Invito a pranzo

Una delle sorelle di Sister Maureen ci aspetta per pranzo. E' strano questo alone di attenzione che ci si crea attorno, imbarazzante. E stavolta non c'è dietro nessun (sacrosanto) interesse personale, nessuna voglia di raccontare disagi, di chiedere e di ottenere qualcosa. Ora siamo semplicemente l'evento, il poter dire a tutti “ho avuto due Mundru a pranzo in casa mia!"...

Lasciamo la jeep e arriviamo dentro il villaggio a piedi, lungo un piccolo sentiero.

Ci sono una ventina di capanne e qualche capannette-latrina. La sorella di Maureen è chiaramente ciò che si definirebbe una “benestante”. Ha ben tre capanne, una per sé e per il marito, una per i figli maschi e una per le figlie femmine. E addirittura una cucina a parte, con dentro diversi bracieri di terra battuta.

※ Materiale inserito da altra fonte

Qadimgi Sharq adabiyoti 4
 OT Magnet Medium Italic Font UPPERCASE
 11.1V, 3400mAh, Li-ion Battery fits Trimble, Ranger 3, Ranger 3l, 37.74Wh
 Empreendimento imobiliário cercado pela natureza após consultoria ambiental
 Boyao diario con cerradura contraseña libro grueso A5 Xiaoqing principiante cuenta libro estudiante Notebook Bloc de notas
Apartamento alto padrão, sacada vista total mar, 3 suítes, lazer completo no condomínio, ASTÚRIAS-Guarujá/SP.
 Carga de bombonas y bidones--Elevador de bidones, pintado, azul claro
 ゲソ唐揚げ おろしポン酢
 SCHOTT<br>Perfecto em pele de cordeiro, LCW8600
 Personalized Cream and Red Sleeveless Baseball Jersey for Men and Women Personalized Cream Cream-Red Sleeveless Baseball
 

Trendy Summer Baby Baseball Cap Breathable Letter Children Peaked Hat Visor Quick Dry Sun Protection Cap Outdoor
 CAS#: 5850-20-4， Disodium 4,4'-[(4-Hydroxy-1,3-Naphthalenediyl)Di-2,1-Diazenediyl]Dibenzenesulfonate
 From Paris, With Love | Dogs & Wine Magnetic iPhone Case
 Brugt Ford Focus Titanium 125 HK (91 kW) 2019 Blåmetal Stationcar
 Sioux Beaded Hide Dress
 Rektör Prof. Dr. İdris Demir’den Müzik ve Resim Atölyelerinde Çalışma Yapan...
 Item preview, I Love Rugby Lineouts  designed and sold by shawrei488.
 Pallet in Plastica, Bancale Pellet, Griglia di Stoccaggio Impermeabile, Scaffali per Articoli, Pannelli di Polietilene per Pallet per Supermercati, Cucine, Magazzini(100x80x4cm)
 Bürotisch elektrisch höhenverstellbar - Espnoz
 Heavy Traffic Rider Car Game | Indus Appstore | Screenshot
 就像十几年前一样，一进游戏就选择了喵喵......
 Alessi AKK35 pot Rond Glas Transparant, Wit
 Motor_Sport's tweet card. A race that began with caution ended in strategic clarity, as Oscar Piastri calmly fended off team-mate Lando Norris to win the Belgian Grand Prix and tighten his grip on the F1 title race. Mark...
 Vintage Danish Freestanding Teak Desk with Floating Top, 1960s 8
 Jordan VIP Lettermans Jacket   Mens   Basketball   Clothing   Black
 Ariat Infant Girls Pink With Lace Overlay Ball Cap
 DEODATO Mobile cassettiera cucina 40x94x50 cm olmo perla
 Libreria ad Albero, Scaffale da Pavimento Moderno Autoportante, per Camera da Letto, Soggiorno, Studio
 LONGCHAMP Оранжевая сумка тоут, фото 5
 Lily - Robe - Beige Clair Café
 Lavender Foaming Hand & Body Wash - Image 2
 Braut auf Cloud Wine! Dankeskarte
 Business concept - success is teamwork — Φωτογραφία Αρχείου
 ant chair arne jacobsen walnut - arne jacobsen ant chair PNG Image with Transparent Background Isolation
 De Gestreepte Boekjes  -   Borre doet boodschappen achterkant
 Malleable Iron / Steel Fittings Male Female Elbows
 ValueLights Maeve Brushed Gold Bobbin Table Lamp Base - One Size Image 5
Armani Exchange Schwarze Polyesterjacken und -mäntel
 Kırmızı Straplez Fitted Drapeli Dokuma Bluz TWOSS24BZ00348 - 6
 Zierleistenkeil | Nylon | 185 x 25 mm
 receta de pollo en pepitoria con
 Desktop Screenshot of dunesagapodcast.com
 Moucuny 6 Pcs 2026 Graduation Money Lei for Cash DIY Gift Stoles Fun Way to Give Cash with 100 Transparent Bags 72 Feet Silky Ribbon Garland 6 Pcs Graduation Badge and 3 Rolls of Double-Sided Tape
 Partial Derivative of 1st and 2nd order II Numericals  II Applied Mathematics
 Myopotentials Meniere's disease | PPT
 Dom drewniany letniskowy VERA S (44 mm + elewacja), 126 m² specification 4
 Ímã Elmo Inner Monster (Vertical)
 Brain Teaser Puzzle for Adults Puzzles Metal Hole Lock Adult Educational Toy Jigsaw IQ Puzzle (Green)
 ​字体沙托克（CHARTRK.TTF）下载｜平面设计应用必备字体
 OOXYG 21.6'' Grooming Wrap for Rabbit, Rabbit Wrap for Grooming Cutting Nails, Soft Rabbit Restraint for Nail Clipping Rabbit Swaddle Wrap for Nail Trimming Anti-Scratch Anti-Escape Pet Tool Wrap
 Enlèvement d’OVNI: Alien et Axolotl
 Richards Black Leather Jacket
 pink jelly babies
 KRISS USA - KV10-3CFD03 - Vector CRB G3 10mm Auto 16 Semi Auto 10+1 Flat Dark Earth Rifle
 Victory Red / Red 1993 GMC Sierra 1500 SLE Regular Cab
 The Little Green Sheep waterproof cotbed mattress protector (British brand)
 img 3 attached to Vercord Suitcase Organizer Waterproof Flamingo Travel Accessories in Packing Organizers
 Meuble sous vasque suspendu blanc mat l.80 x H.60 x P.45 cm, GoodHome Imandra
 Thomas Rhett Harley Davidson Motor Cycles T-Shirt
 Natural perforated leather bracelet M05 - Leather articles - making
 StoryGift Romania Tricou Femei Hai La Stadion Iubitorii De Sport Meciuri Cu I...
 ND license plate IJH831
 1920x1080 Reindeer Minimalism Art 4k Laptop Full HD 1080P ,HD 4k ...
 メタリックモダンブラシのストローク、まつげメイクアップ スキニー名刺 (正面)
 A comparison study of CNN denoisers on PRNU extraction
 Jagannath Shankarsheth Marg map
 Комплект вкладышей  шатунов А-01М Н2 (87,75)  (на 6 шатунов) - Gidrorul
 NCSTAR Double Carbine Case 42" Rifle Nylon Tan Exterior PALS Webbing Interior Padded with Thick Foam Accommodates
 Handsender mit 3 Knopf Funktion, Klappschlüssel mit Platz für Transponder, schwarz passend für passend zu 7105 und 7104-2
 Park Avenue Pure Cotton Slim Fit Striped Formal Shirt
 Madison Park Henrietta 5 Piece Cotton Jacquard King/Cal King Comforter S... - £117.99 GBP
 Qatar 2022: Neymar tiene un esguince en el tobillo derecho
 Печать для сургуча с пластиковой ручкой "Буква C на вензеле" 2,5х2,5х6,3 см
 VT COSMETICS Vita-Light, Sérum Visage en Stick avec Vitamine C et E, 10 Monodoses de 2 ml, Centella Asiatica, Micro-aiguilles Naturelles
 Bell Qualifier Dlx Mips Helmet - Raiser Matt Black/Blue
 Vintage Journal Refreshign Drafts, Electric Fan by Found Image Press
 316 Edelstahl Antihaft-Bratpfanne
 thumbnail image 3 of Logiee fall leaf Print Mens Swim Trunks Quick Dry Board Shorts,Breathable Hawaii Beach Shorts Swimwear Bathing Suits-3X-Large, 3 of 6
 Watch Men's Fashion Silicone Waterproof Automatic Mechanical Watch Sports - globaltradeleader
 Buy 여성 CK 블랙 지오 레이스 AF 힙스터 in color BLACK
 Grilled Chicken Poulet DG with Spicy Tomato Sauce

Seguiamo Maureen in silenzio, accenniamo sorrisi e stringiamo mani, in quel modo africano così buffo... i palmi si incontrano per un attimo, poi vanno a stringersi attorno al solo pollice dell'altra mano, per poi incontrarsi ancora e serrare la stretta, magari enfatizzandola con la mano libera appoggiata sul proprio polso....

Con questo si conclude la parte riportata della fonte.